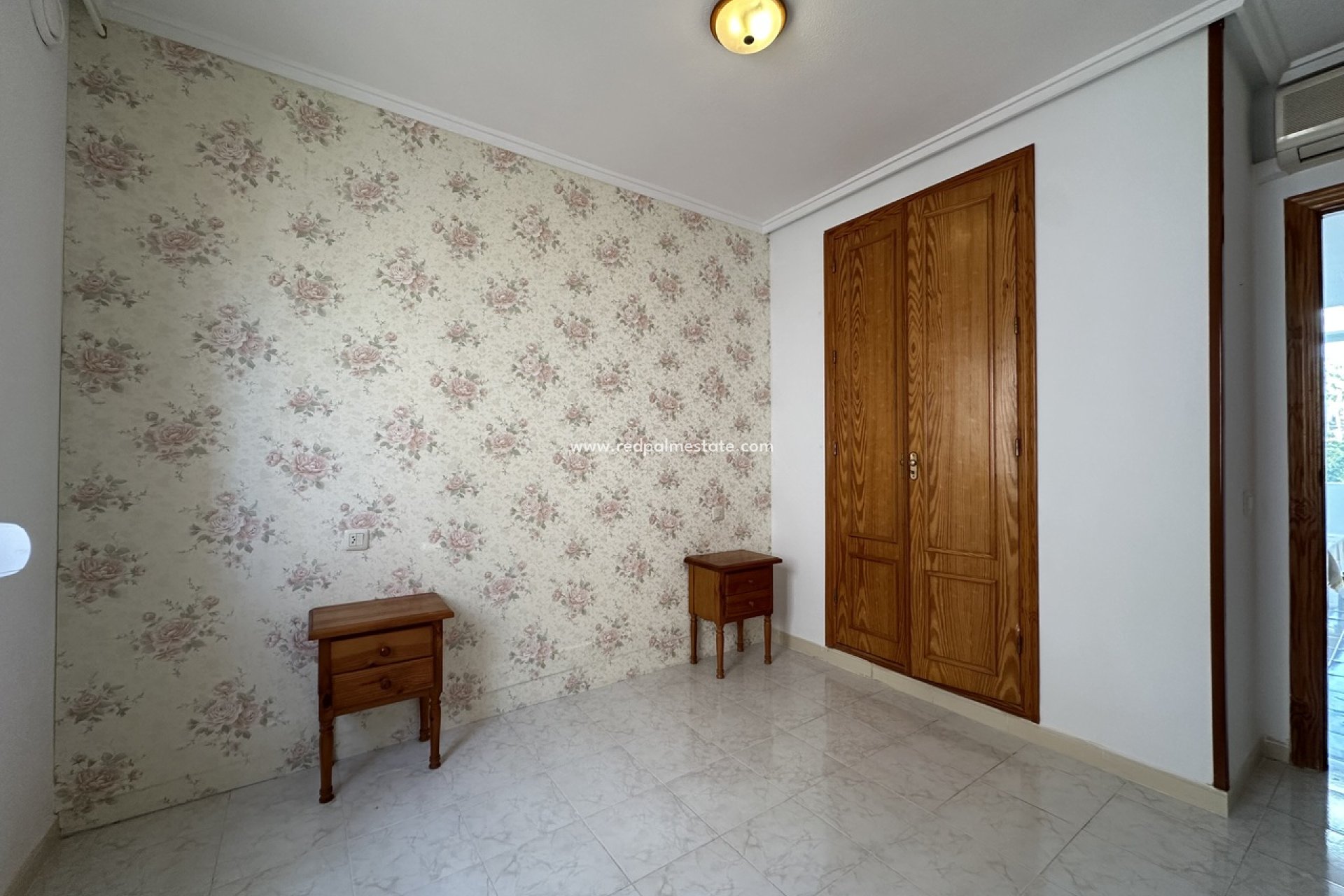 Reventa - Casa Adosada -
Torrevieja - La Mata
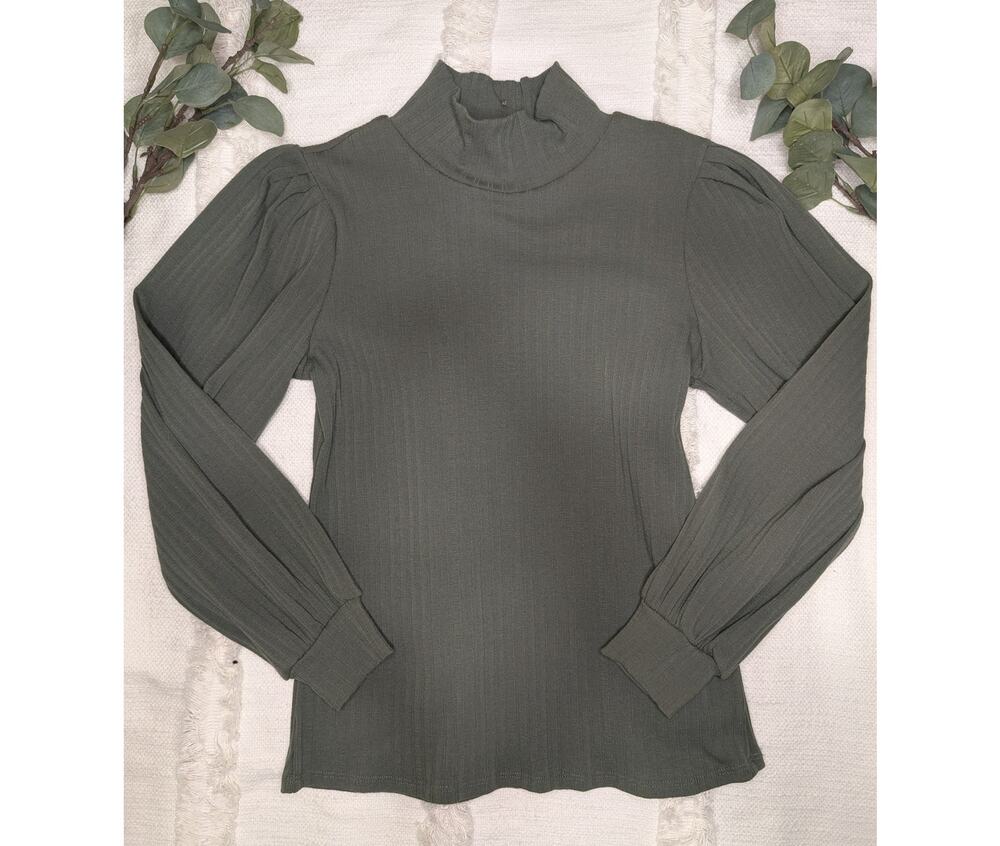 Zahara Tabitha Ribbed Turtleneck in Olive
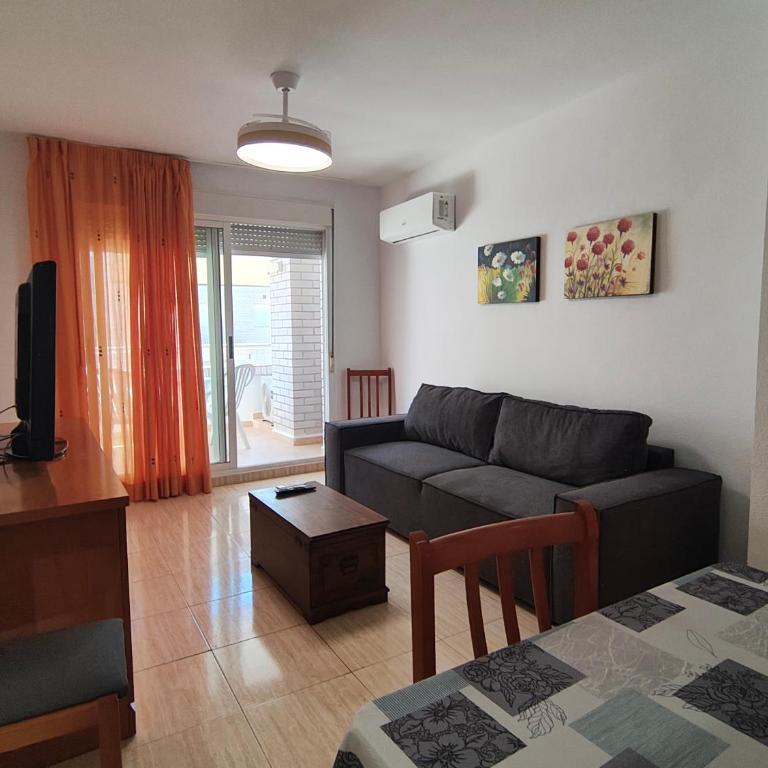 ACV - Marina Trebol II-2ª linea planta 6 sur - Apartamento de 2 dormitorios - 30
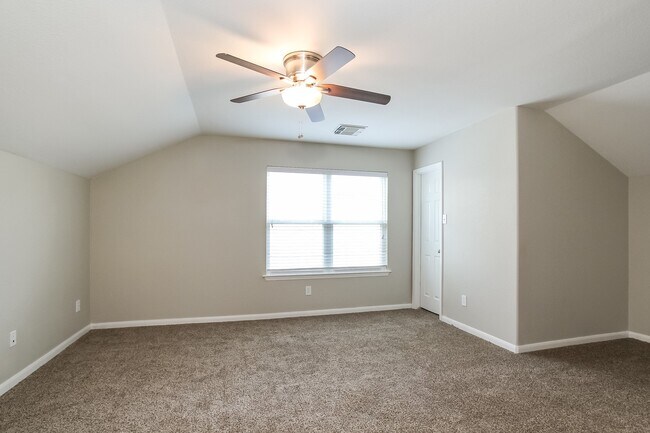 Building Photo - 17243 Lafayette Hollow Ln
++++++
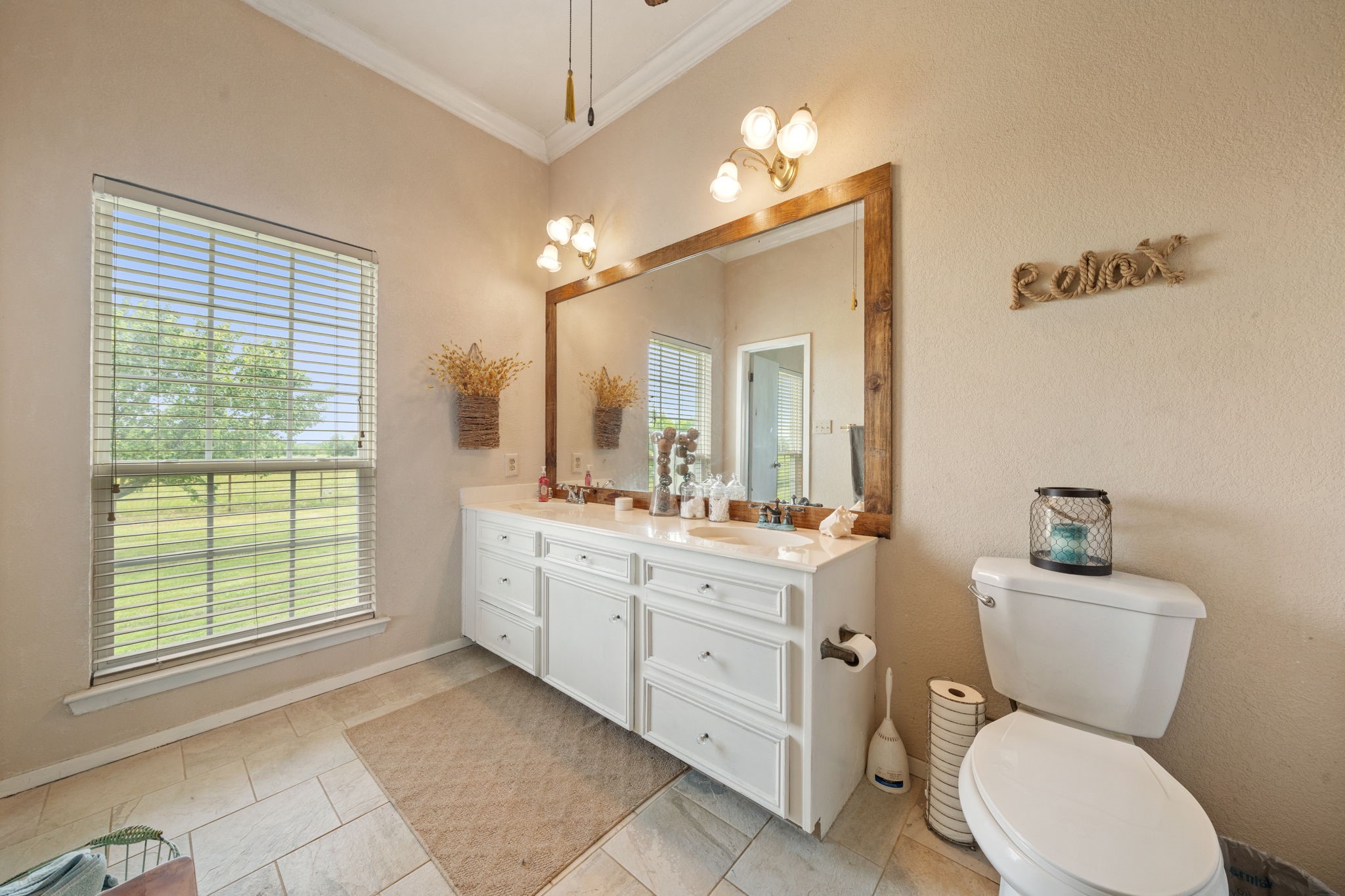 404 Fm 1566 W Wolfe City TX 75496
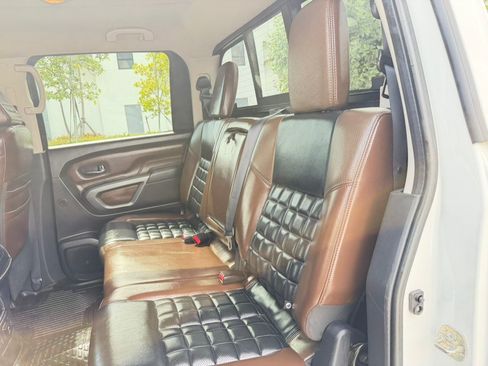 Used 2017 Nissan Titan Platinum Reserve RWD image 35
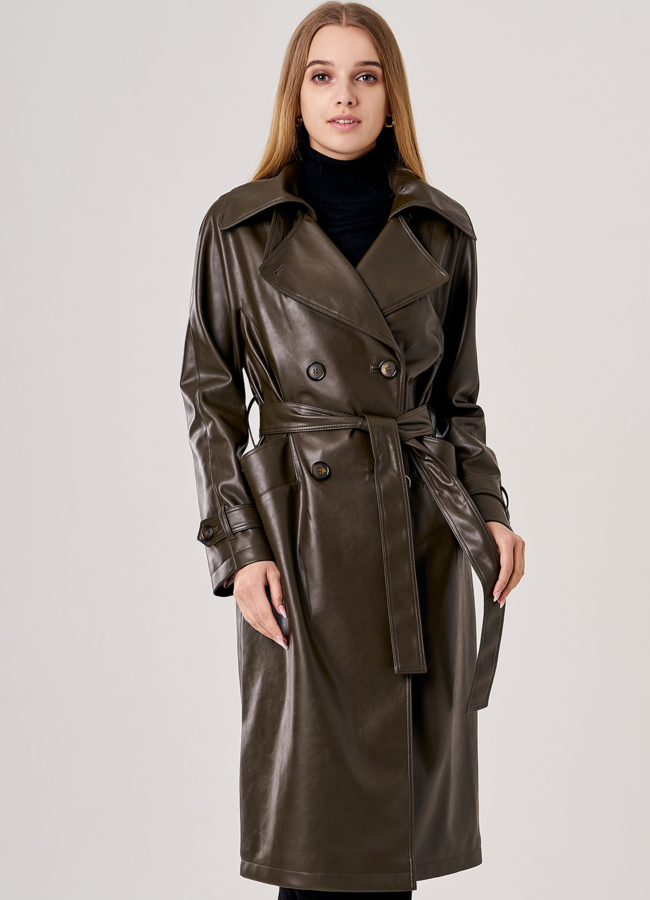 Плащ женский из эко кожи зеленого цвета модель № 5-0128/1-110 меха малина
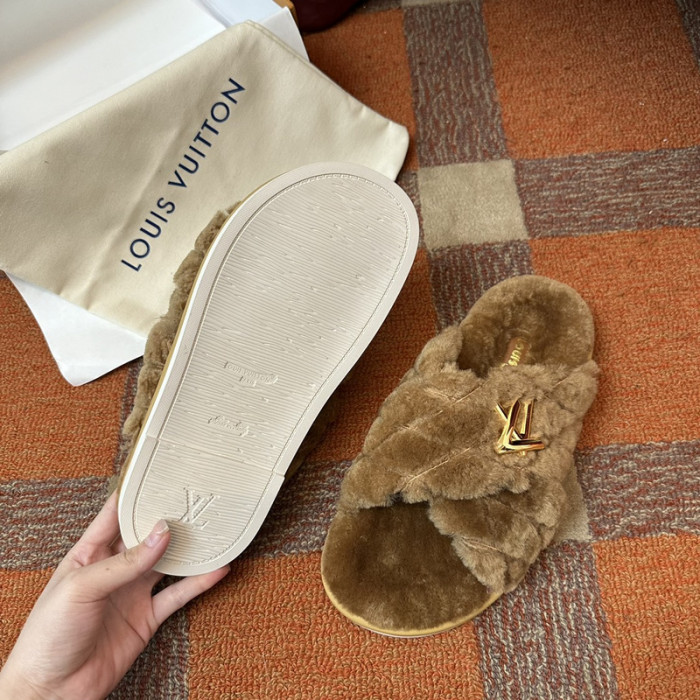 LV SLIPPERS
++++++
TASK DIRECTIONS:
Please print the lines above word for word, starting at the one with "Torrevieja - La Mata" and ending at the one with "Building Photo - 17243 Lafayette Hollow Ln", both included, and without any picture.

RESPONSE BOX:
Torrevieja - La Mata
 Zahara Tabitha Ribbed Turtleneck in Olive
 ACV - Marina Trebol II-2ª linea planta 6 sur - Apartamento de 2 dormitorios - 30
 Building Photo - 17243 Lafayette Hollow Ln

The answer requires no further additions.